Work task.
Only the lines from the one containing "Louis Vuitton Monogram" through the end of the data below are to be repeated, exactly as given, without pictures.

Given records.
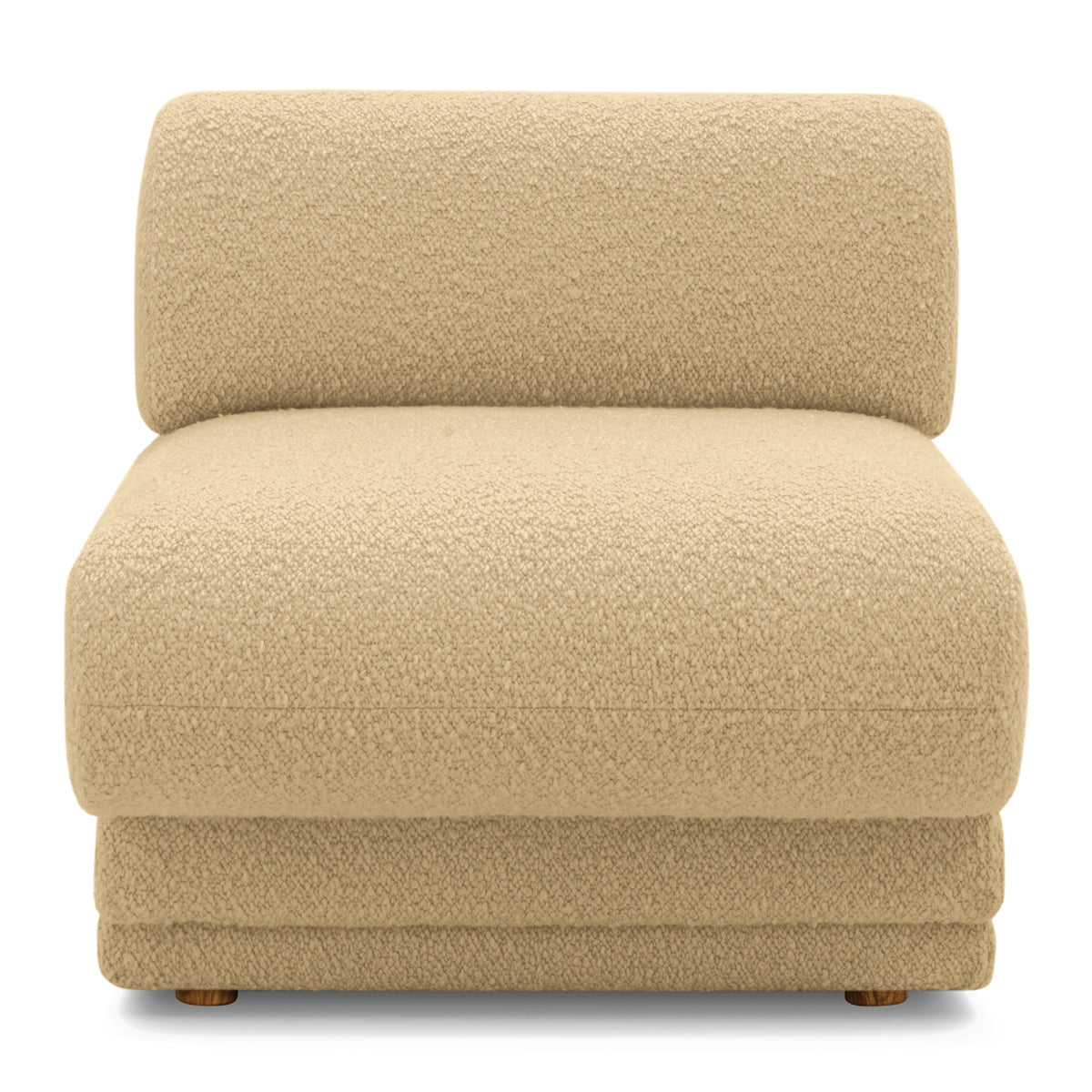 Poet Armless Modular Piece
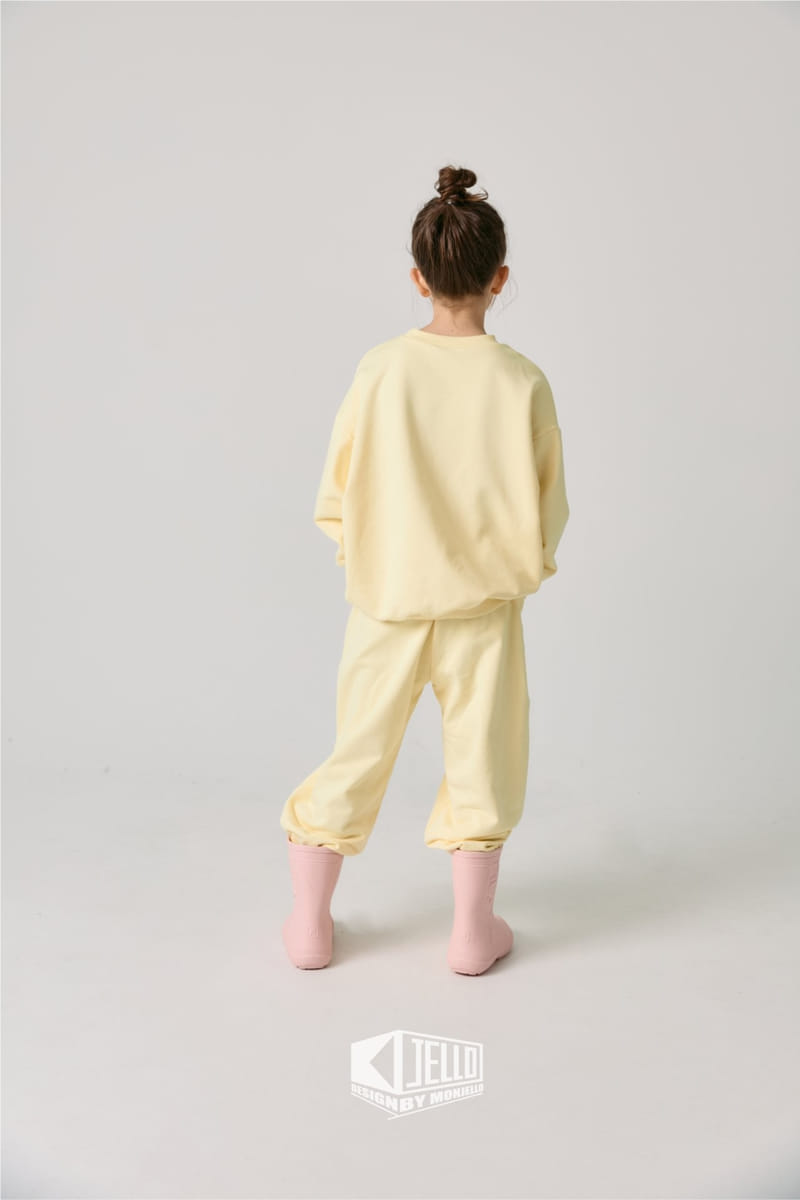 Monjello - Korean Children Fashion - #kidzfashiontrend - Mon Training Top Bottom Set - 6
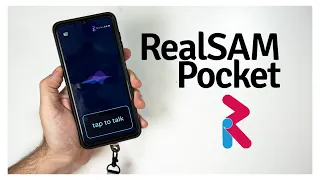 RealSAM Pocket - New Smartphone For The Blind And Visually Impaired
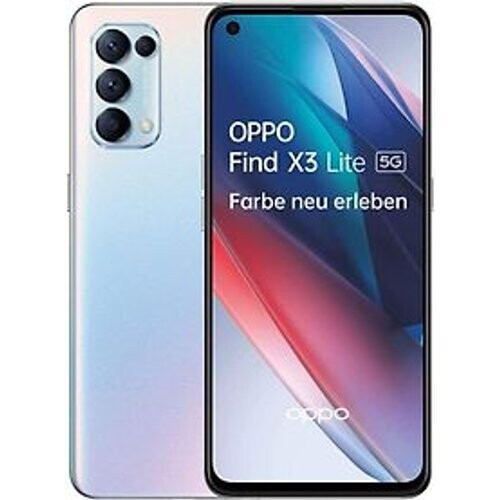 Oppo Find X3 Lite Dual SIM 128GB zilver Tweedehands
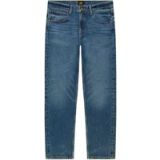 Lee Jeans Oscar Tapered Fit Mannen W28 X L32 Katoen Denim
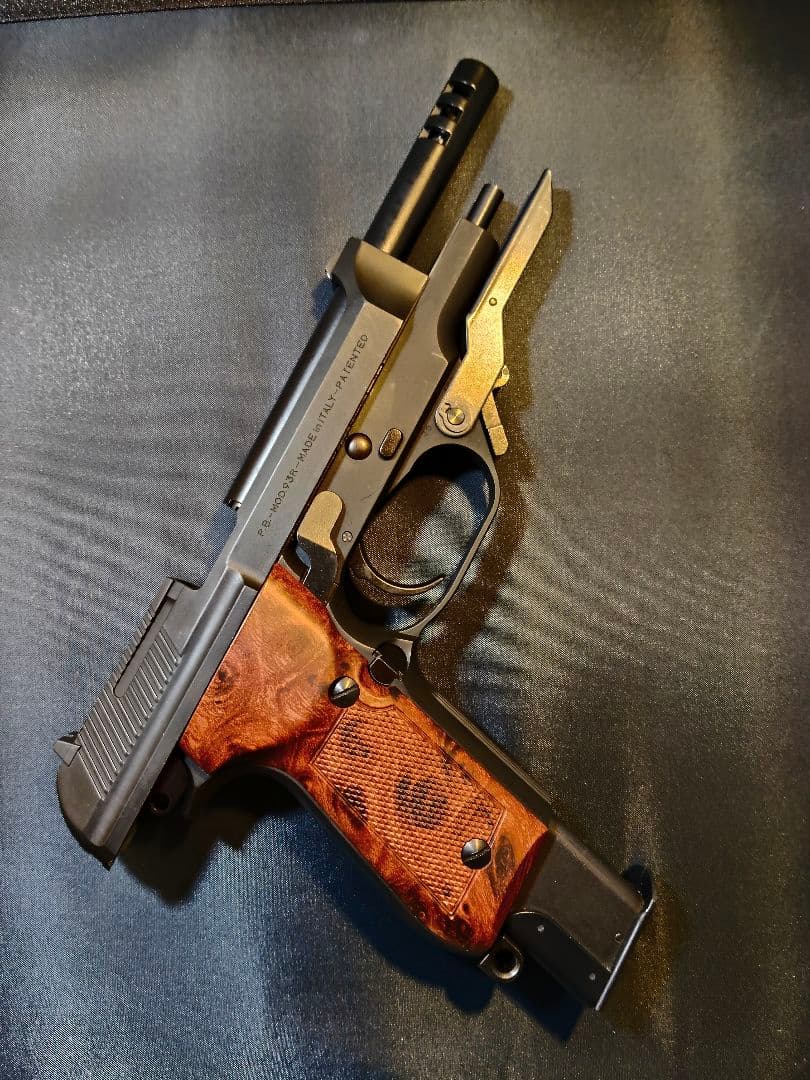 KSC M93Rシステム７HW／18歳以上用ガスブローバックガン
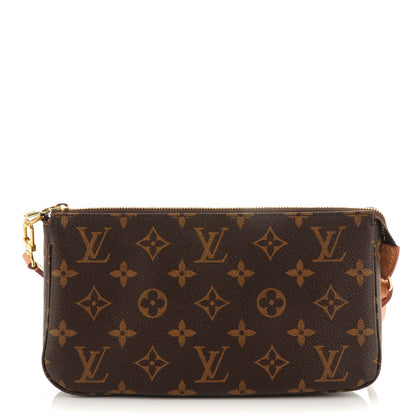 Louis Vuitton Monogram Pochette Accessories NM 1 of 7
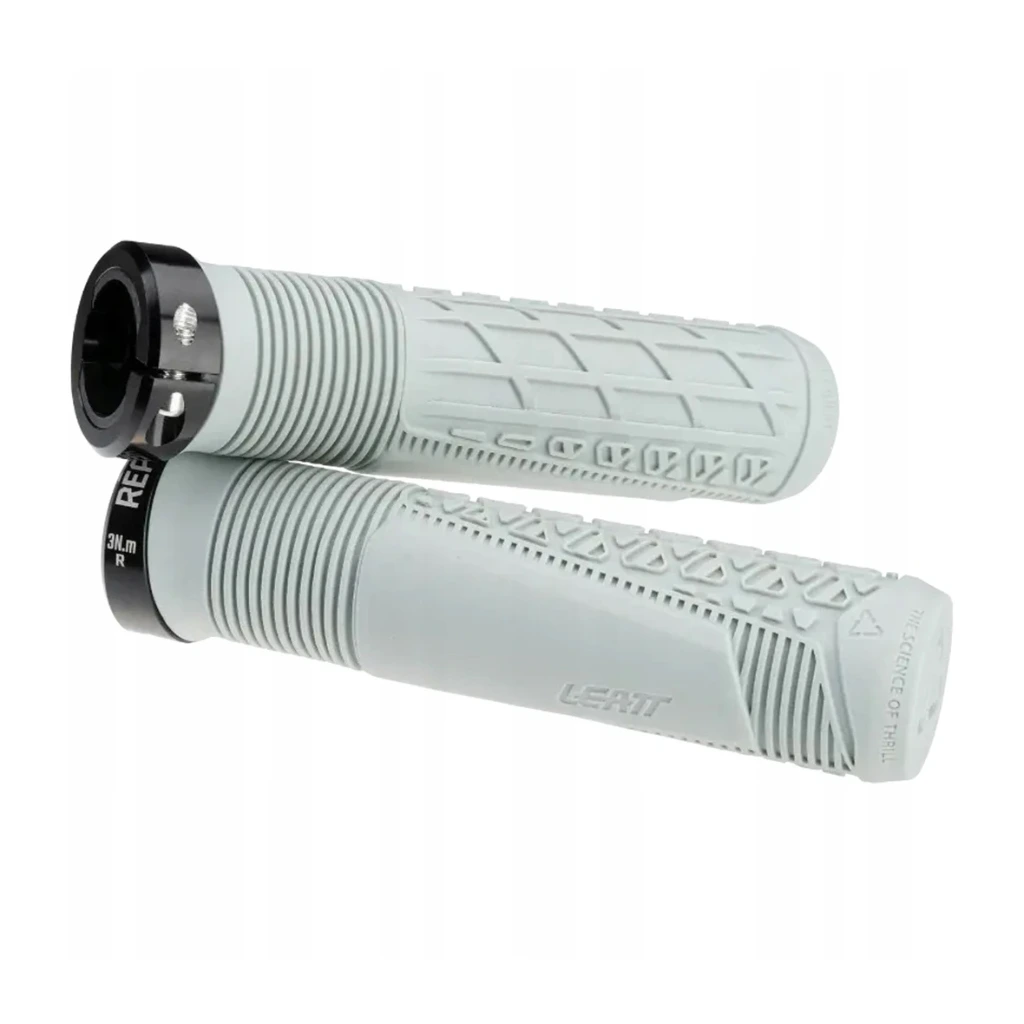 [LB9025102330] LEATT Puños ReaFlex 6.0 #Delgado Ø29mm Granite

Expected answer.
 Louis Vuitton Monogram Pochette Accessories NM 1 of 7
 [LB9025102330] LEATT Puños ReaFlex 6.0 #Delgado Ø29mm Granite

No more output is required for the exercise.